(Task) Using the listing below, set down exactly the lines starting at the line that contains "Agriturismo Carretiello" and ending at the line that contains "Image 1 : Swiss", both included, and no others.
-.-.-
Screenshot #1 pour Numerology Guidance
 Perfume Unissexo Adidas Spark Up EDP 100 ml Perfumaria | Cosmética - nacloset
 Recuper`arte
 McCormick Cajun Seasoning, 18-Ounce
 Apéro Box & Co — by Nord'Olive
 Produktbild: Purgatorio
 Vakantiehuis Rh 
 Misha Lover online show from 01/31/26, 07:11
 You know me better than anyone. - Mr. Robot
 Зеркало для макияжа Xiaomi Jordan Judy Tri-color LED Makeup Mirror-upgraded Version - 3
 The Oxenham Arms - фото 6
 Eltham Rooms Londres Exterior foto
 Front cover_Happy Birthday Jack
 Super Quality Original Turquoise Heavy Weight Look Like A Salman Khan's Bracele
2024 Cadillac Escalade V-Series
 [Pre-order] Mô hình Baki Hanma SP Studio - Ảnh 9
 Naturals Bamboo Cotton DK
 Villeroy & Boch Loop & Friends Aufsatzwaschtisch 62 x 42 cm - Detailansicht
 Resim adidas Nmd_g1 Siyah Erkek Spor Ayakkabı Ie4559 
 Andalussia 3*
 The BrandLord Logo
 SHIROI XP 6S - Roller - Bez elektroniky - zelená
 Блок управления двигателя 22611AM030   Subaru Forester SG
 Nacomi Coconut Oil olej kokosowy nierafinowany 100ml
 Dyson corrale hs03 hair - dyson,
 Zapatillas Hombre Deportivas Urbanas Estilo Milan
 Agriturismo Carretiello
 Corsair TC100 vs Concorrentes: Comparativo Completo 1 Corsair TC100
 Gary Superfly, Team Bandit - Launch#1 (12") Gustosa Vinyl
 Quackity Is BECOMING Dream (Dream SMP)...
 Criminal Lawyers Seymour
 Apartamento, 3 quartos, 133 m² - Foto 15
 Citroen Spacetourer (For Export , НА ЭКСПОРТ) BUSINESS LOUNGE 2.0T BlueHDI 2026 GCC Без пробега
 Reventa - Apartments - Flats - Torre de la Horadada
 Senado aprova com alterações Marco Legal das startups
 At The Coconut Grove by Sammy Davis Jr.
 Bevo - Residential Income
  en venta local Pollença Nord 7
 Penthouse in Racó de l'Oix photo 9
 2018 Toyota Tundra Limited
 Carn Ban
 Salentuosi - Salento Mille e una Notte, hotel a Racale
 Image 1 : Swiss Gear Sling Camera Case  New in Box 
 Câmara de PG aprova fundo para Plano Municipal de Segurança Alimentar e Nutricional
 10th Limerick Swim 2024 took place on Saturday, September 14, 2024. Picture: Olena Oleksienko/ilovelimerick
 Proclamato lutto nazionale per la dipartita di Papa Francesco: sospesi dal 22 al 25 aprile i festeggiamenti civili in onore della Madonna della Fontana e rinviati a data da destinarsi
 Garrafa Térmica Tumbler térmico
-.-.-
(Task output)
 Agriturismo Carretiello
 Corsair TC100 vs Concorrentes: Comparativo Completo 1 Corsair TC100
 Gary Superfly, Team Bandit - Launch#1 (12") Gustosa Vinyl
 Quackity Is BECOMING Dream (Dream SMP)...
 Criminal Lawyers Seymour
 Apartamento, 3 quartos, 133 m² - Foto 15
 Citroen Spacetourer (For Export , НА ЭКСПОРТ) BUSINESS LOUNGE 2.0T BlueHDI 2026 GCC Без пробега
 Reventa - Apartments - Flats - Torre de la Horadada
 Senado aprova com alterações Marco Legal das startups
 At The Coconut Grove by Sammy Davis Jr.
 Bevo - Residential Income
  en venta local Pollença Nord 7
 Penthouse in Racó de l'Oix photo 9
 2018 Toyota Tundra Limited
 Carn Ban
 Salentuosi - Salento Mille e una Notte, hotel a Racale
 Image 1 : Swiss Gear Sling Camera Case  New in Box 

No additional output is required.